Inline hockey coming to Kapolei
• Photo gallery: Indoor inline hockey coming to Kapolei
By Dan Nakaso
Advertiser Staff Writer
Richard Pentecost's dream of building Hawai'i's first indoor, air-conditioned inline hockey rinks is weeks away from reality in Kapolei, and people like John Chun can't wait to start playing.
"Everyone's excited," said Chun, a 25-year-old inline hockey player and coach who also runs Mililani's inline hockey league with his brother, Kimo. "This is going to be a big boost to inline hockey in Hawai'i."
The twin, 17,000-square-foot rinks that Pentecost hopes to open under one roof in late January will feature state-of-the-art playing surfaces and "toe-to-top" clear boards that will let fans see all of the action of the puck, Chun said.
Pentecost, a businessman and entrepreneur from New Caledonia, is building a 50,000-square-foot complex on 2.1 acres he owns off of Kalaeloa Boulevard that will house the two rinks, bathrooms, snack shop and pro shop.

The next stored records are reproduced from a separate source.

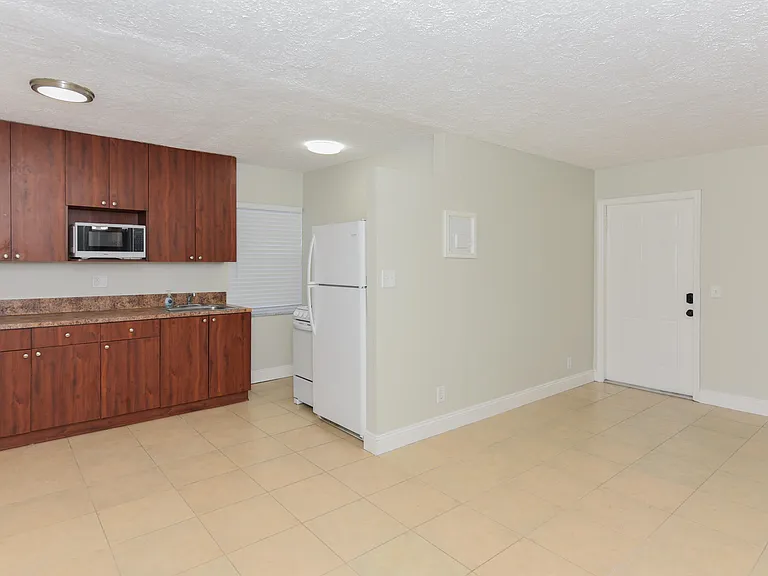 605 N Federal Hwy #8 — Photo 5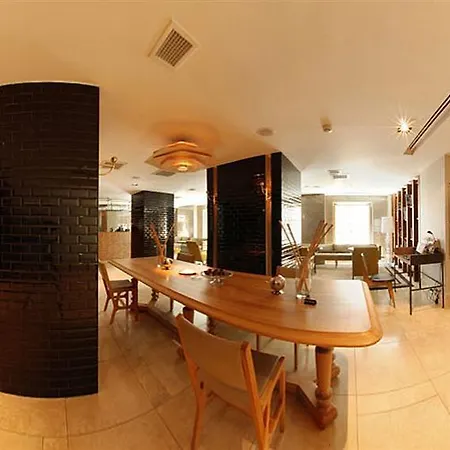 Witt Hotel 5*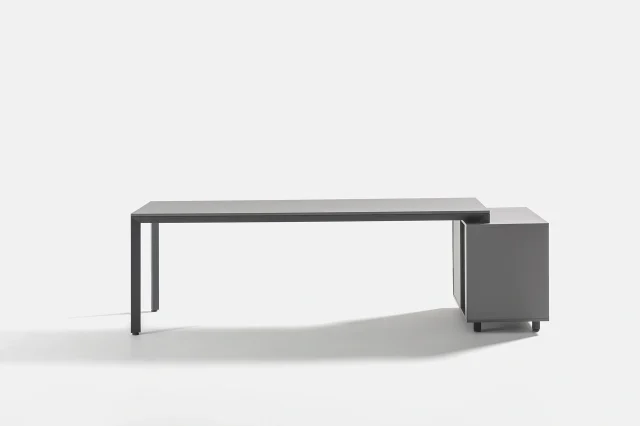 farazin-office-workstation-desk-fws210-front-a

He hopes the opening of his Kapolei Inline Hockey Arenas will boost interest in the sport of inline hockey in the Islands and increase the number of players, now estimated at 500.
"My son got involved with inline hockey 11 years ago in Hawai'i, and I thought it was a very silly sport because I played soccer for 35 years," Pentecost said. "Then I got to like it as a fan and then as a coach. Then I became a sponsor and then I became treasurer of the league, and now I'm president of the O'ahu Inline Hockey League."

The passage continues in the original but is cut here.